Introduction
Starting to work with a new tool may not be easy, especially when that “tool” means a new programming language. At the same time, there might be an opportunity to build upon something already known and so make the transition smoother and less painful.
In my case, it was the transition from R to Python. Unfortunately, my former colleagues, pythonians, did not share my genuine fondness of R. Also, whether R enthusiasts like it or not, Python is a widely used tool in data analysis/engineering/science and beyond. So, I concluded that learning at least some Python is a reasonable thing to do.
For me, the first steps were maybe the most difficult ones. Residing in the comfort of RStudio, IDEs like Pycharm or Atom did not feel familiar. This experience led to the decision to begin in the well-known environment and test its limits when it comes to working with Python.

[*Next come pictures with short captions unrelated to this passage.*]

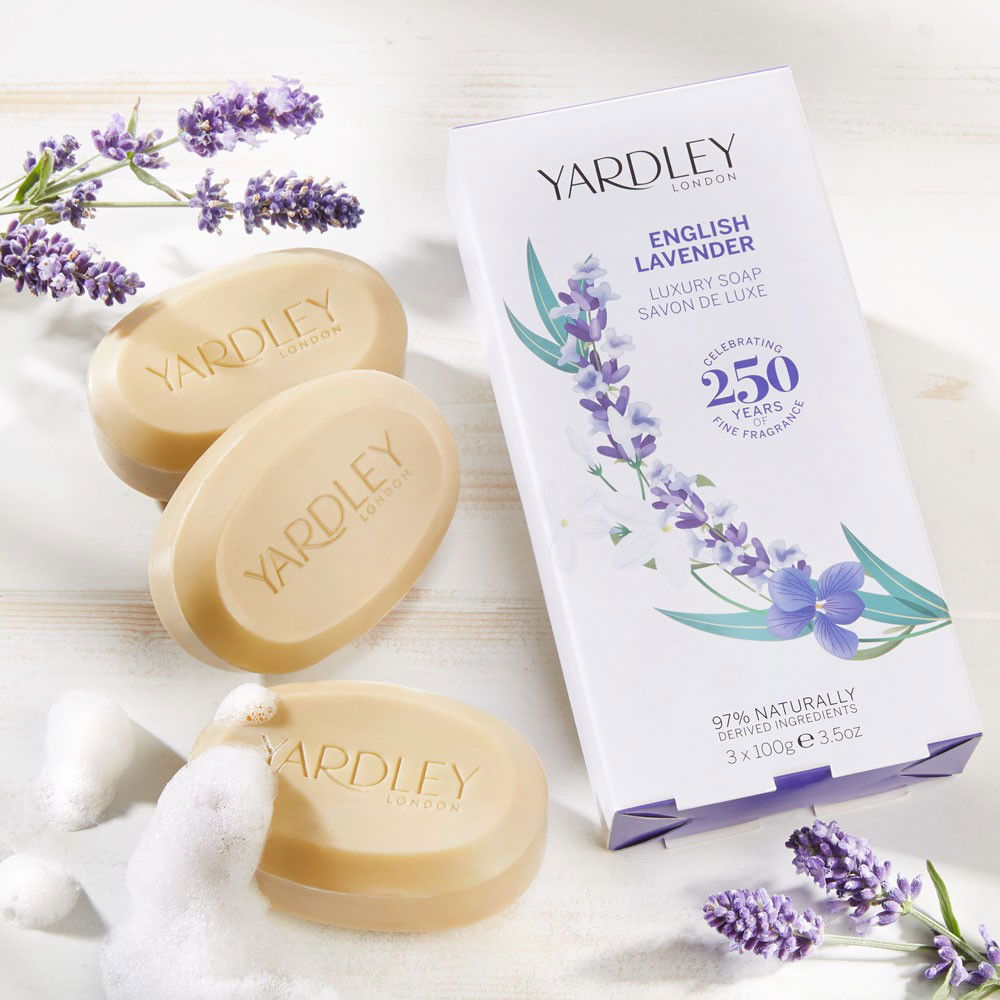 Yardley Seifen Lavendel 3er-Set von Yardley London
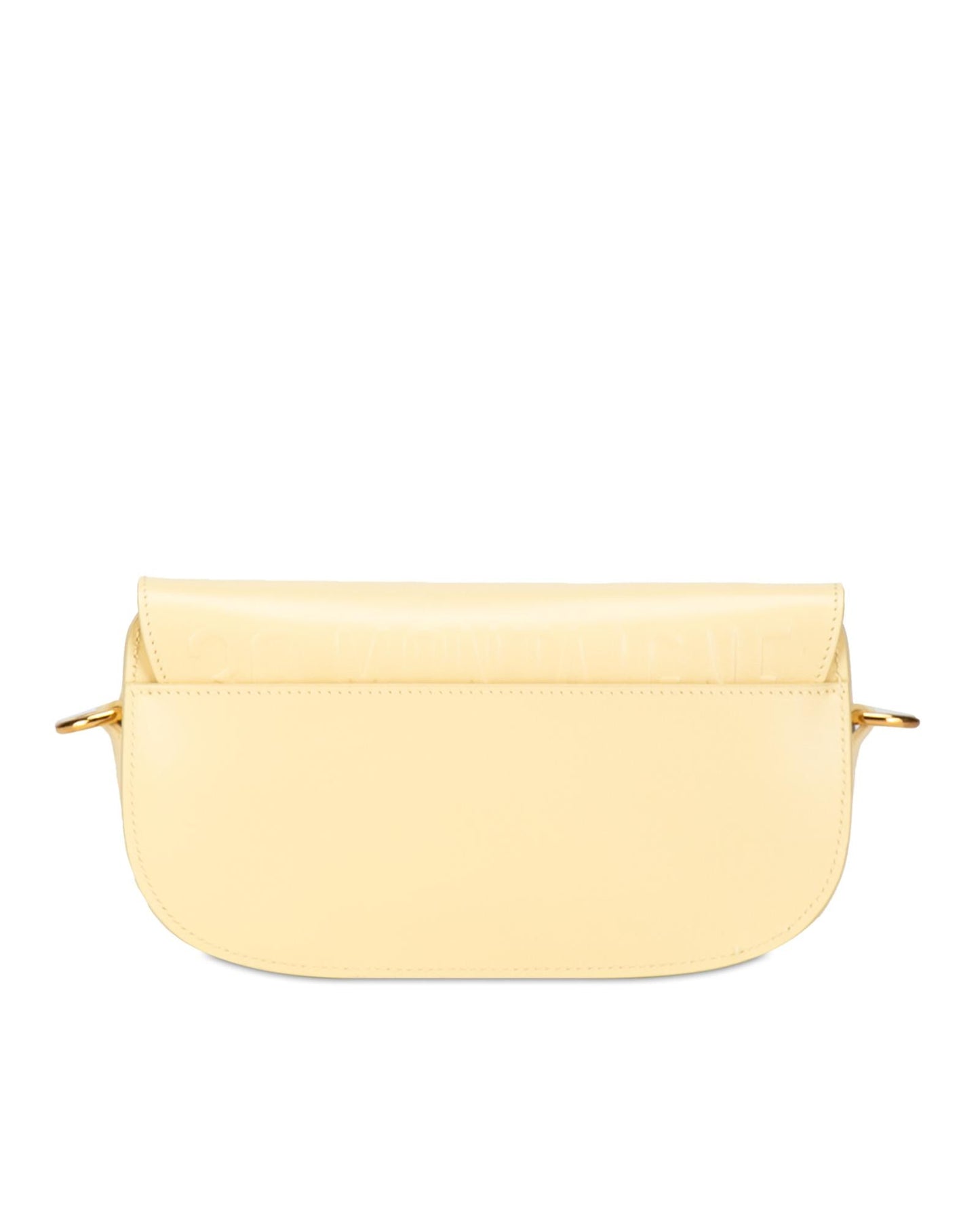 Dior Saddle Bag Yellow Lambskin Leather Crossbody Bag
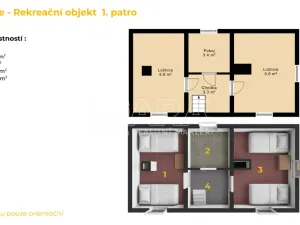 Prodej chaty, Sýkořice, 74 m2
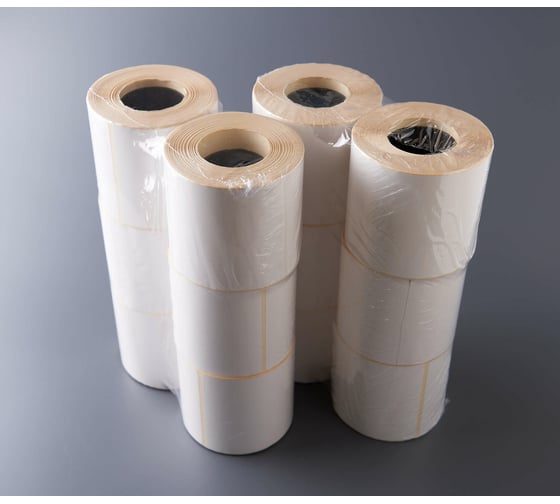 Самоклеящиеся термоэтикетки PACK INNOVATION ЭКО 58x40 мм, втул. 40 мм, 500 накл., 4 шт. IP0TE0058.40-4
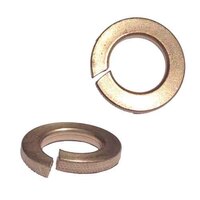 SLW14SB 1/4" Regular Split Lock Washer, Silicon Bronze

To tell the truth, I did not end up using RStudio as the weapon of choice for using Python in a general setting. Hopefully, the following text will deliver the message why. However, I am convinced that for some use-cases, like integrating R and Python in an ad hoc analysis R Markdown way, RStudio still represents a viable way to go.

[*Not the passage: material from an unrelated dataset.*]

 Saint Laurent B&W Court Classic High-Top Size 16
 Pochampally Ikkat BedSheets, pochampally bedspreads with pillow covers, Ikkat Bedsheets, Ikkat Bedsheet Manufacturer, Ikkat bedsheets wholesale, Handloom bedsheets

More importantly, it could be a convenient starting line for people with the primary background in R.
So, what did I find?
Analysis
Packages and environment
First of all, let us set the environment and load the required packages.
- Global environment:
# Globally round numbers at decimals
options(digits=2)
# Force R to use regular numbers instead of using the e+10-like notation
options(scipen = 999)
- R libraries:
# Load the required packages.
# If these are not available, install them first.
ipak <- function(pkg){
new.pkg <- pkg[!(pkg %in% installed.packages()[, "Package"])]
if (length(new.pkg))
install.packages(new.pkg,
dependencies = TRUE)
sapply(pkg,
require,
character.only = TRUE)
}
packages <- c("tidyverse", # Data wrangling
"gapminder", # Data source
"knitr", # R Markdown styling
"htmltools") # .html files manipulation
ipak(packages)
tidyverse gapminder knitr htmltools
TRUE TRUE TRUE TRUE
In this analysis, I will be working with the reticulate
library, a package developed at RStudio. However,
feel free to look for alternatives.
Also, I am going to import the reticulate
package separately for the purposes of a
clearer flow.
- Python activation:
# The "weapon of choice"
library(reticulate)
# Specifying which version of python to use.
use_python("/home/vg/anaconda3/bin/python3.7",
required = T) # Locate and run Python
- Python libraries:
import pandas as pd # data wrangling
import numpy as np # arrays, matrices, math
import statistics as st # functions for calculating mathematical statistics
import plotly.express as px # plotting package
One of the limits of working with Python in R (Studio) is that in some cases you do not receive the Python traceback by default. That is a problem because, if I oversimplify things, a traceback helps you to identify where is the problem. Meaning it helps you fix it. So, consider it as an error message (or the lack of it).
- For example, when calling a library that you do not have installed, the Python chunk in R Markdown gives you green lights (so everything looks up and running), but this does not mean that the code ran the way you would expect (e.g. it imported a library).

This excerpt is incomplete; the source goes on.